- [WHAT THE EXERCISE ASKS]: Please copy exactly the lines from the first in the records through the line that contains "Here's a look", but not the pictures.
+ + + + +
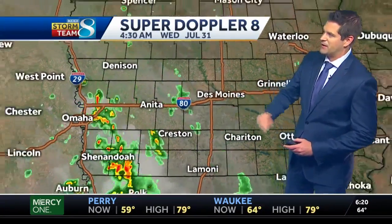Nothing severe out of these, but they are generally pulling toward the south-southeast this morning. Western Iowa is going to be the main area where we're going to see these showers and thunderstorms kind of hanging about for the next couple of hours.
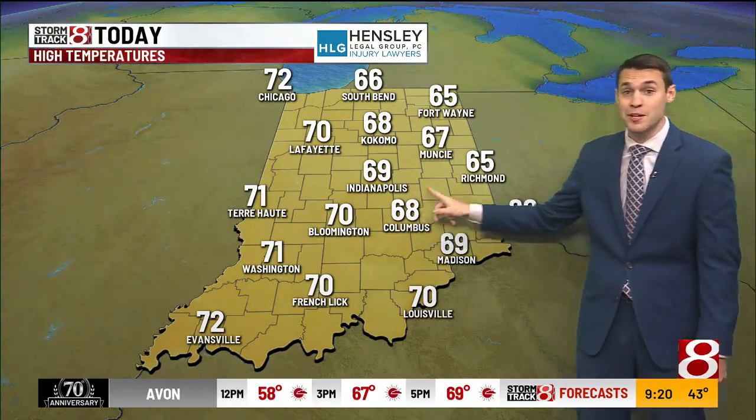Here's a look at the highs today: upper 60s, low 70s. It'll be a close call here in Indy on whether or not we make it to that 70-degree mark. A little bit cooler in Richmond, with a high of 65 degrees there.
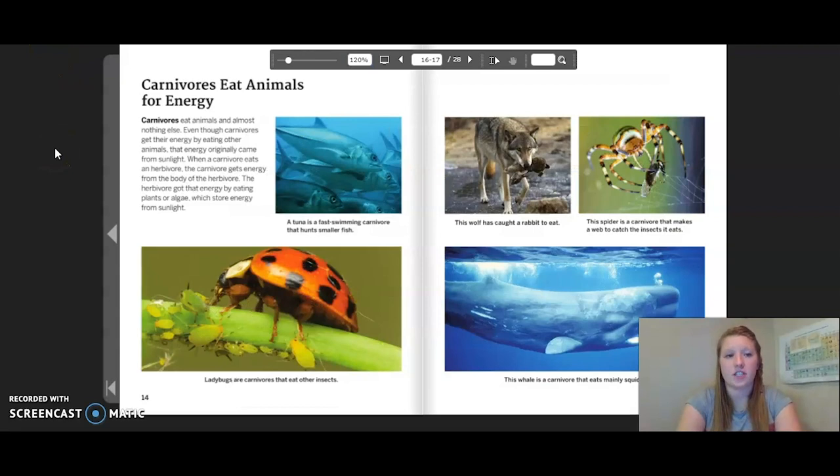Carnivores eat animals for energy. Carnivores eat animals and almost nothing else. Even though carnivores get their energy by eating other animals, that energy originally came from sunlight. When a carnivore eats an herbivore, the carnivore gets energy from the body of the herbivore. The herbivore got that energy by eating plants or algae, which store energy from sunlight. A tuna is a fast-swimming carnivore that hunts smaller fish. Ladybugs are carnivores that eat other insects. This wolf has caught a rabbit to eat. This spider is a carnivore that makes a web to catch the insects it eats. This whale is a carnivore that eats mainly squid.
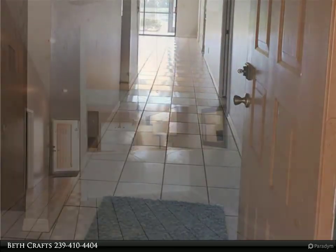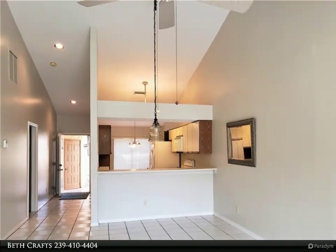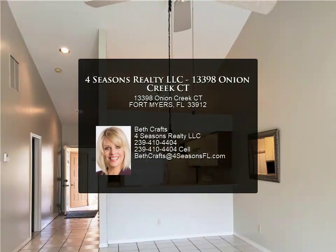Cross Creek is conveniently located on the Daniels Parkway corridor, just minutes to shopping and I-75 to head to any one of Southwest Florida's beautiful beaches. For more information, review the details below.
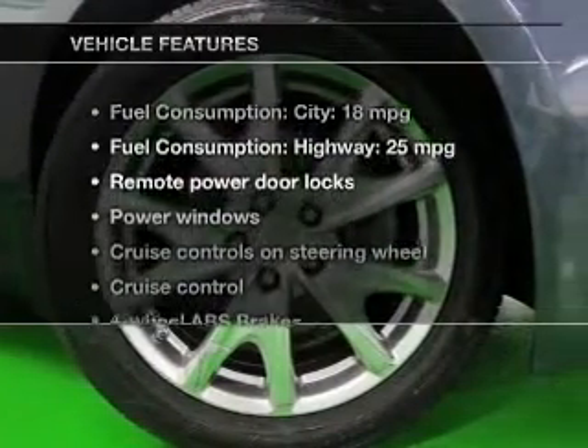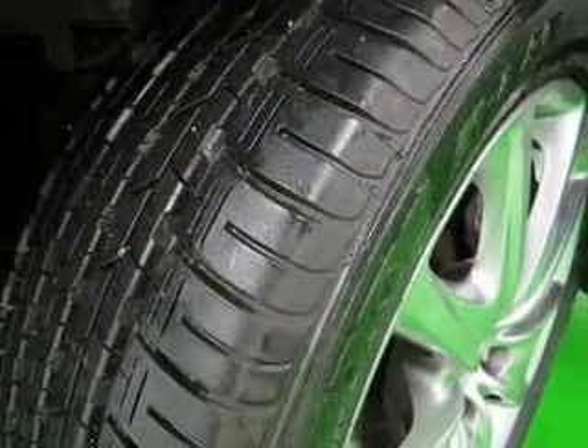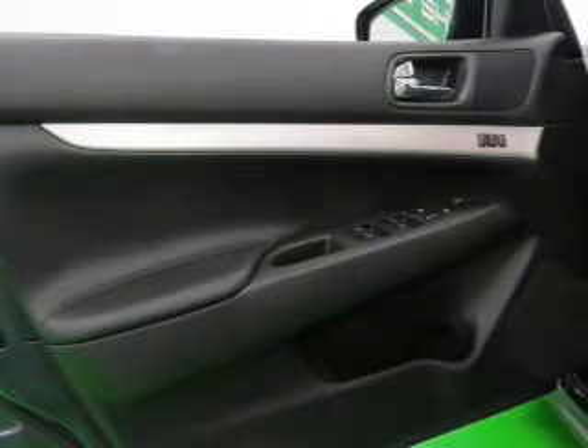And with these notable features, you won't want to miss out on the opportunity to own this amazing ride: leather seats, power door locks, power windows, cruise control, an AM-FM stereo with multi-disc CD player, satellite radio, and power mirrors.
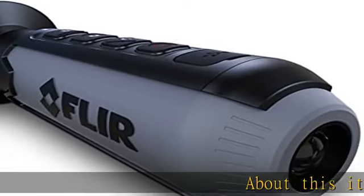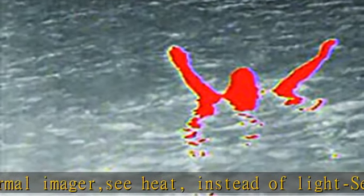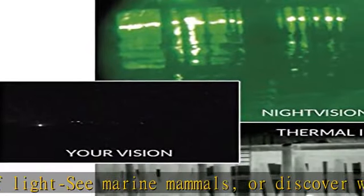Compact handheld thermal imager — see heat instead of light. Spot marine mammals or discover wildlife back on shore. See vessels and objects in the water over 100 yards away. Grab and go simplicity. Record thermal video, records video and still images to share with others.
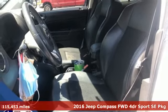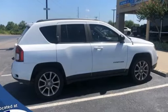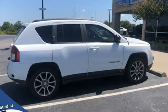It's a 2016 Jeep Compass. Its size makes it practical, and since it's a Jeep, it can go practically anywhere. And with features like these, every drive is a pleasure.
+ + + + +
- [EXERCISE RESULT]:
Nothing severe out of these, but they are generally pulling toward the south-southeast this morning. Western Iowa is going to be the main area where we're going to see these showers and thunderstorms kind of hanging about for the next couple of hours.
Here's a look at the highs today: upper 60s, low 70s. It'll be a close call here in Indy on whether or not we make it to that 70-degree mark. A little bit cooler in Richmond, with a high of 65 degrees there.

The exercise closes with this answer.